TROY — Farm families are known for rising before the rooster crows in order to begin the day’s many chores.
Just north of Troy, at Farm With No Name, Friday morning began even earlier for John and Kristin Lewber. The couple was in the barn, skid-loader warmed up and ready to go just after 5 a.m.
Friday morning “chores” for the Lewbers was more a labor of love.
Following devastating wildfires that ravaged Kansas and Oklahoma with an estimated 650,000 to 1,000,000 acres destroyed, including homes, barns, crops, and livestock, word was put out that the farmers and ranchers of those states were in dire straights.
Kristin Lewber said when she saw Zach and Janell Havenar donate hay from their farm, she said,” That’s what we need to do, too.”
“There were people and farmers who lost everything and we talked about it and just wanted to help in some way,” Lewber said.
Among those stepping up to the plate, knowing that, but for the grace of God, they said, this could be them, were the Lewbers, along with a number of Ohio farm families.
The relief effort, spearheaded by the Ohio Farm Bureau, put together a caravan of trucks and trailers, hauling at their own expense, loads of hay to farmers in the plains states who are in desperate need of hay to feed livestock that have survived the fires.
Promptly at 5:30 a.m. Friday, the Lewbers watched as their “neighbors” from DeGraff backed a truck and a large trailer into their driveway.
Jana Caudill, her son, and her cousin Brendan Bayliss, drove to the Lewbers’ to load 15 large circular bales of hay onto the waiting trailer.
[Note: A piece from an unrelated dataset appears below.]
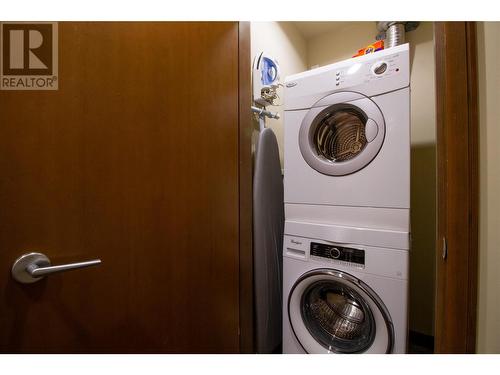 2950 Camozzi Road Unit# 1413, Revelstoke, BC - Indoor Photo Showing Laundry Room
As with most farm families, everyone knew exactly what needed to be done and the entire loading process was completed in less than an hour.
Once the load was secured, Bayliss and Caudill pulled out of the driveway, the sun yet to appear above the horizon as they made their way to the area of Interstate 70 and State Route 127, where they were to meet other trucks, forming a 30-truck convoy — destination Ashland, Kan.
Lewber said for those who are interested in giving donations of any kind to check the website www.ashlandcf.com for the most updated information.
“There are people who have lost not only their cattle and barns, but their homes and everything in it so they are starting over,” Lewber said.
The drive to Kansas was expected to take some 15 hours. Trucks would then be unloaded and return to Ohio.